Corrosion behavior of selective laser melted NiTi shape memory alloy
摘要
The present work explores corrosion response of Selective Laser Melting (SLM) prepared NiTi shape memory alloys with an aim to study processing-induced defects and surface-specific microstructural features inherent to SLM, influence on alloy corrosion response. The study systematically investigated corrosion behavior within the defect-minimized region of established SLM printability maps by comparing representative low- and high-power/scan speed conditions (P-80: 80 W, 330 mm s⁻¹; P-200: 200 W, 1080 mm s⁻¹) and by varying hatch spacing (64 μm and 80 μm) under constant laser power and scan speed.

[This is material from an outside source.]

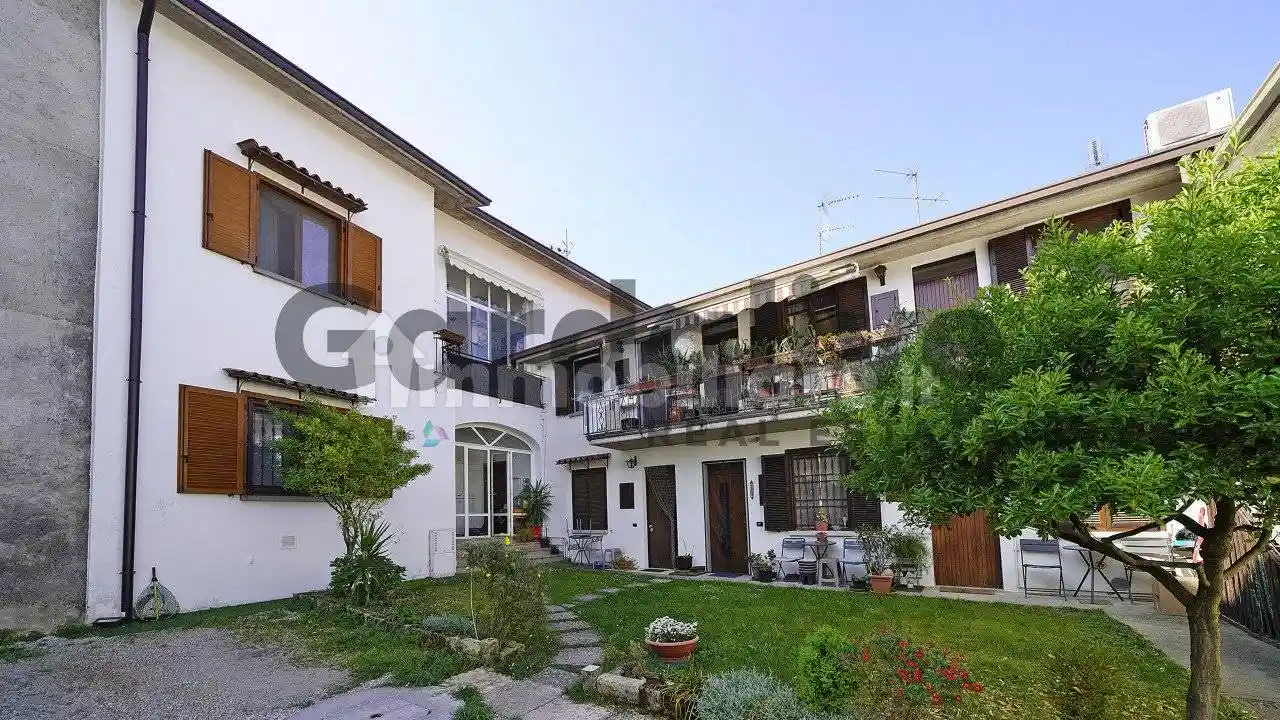 Appartamento in vendita a Moniga del Garda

Corrosion behavior analysis was carried out on four distinct surfaces following a 72-h immersion in Hank’s Balanced Salt Solution (HBSS): the internal and external surface of P-80 and P-200 specimens sectioned parallel to build direction (BD), and top and bottom surface of h-64 and h-80 specimens sectioned perpendicular to BD. Unlike prior studies that compared SLM NiTi against wrought material or varied parameters broadly, this work systematically isolates surface-specific defect populations within the defect-minimized region of an established printability map at matched volumetric energy density. The parallel to BD, P-80 specimens, showed the highest porosity of 5.4% and a corrosion current density of 140 nA/cm², with localized pits reaching up to 110 μm in depth, initiating primarily at porosity defects thereby disrupting the passive film formation. In contrast, perpendicular to BD specimens, particularly h-80 with larger hatch spacings, showed enhanced corrosion resistance on a single-specimen basis, attributed to a more effective passive film formation. Surfaces with higher defect density developed effective thicker but defect-rich passive films with poor protective performance, whereas Ti-enriched, low-defect surfaces formed effective thinner yet compact and highly resistive films. These results indicate that within the defect-minimized region of the printability map, surface-specific defect populations and surface chemistry are the dominant factors governing corrosion response, rather than nominal process parameters. The findings imply that build-orientation selection and surface-specific post-processing—beyond bulk-density optimization—are required for corrosion-critical SLM NiTi components. Direct passive-film characterization, replicate testing, and Ni-ion-release quantification are identified as essential follow-on work.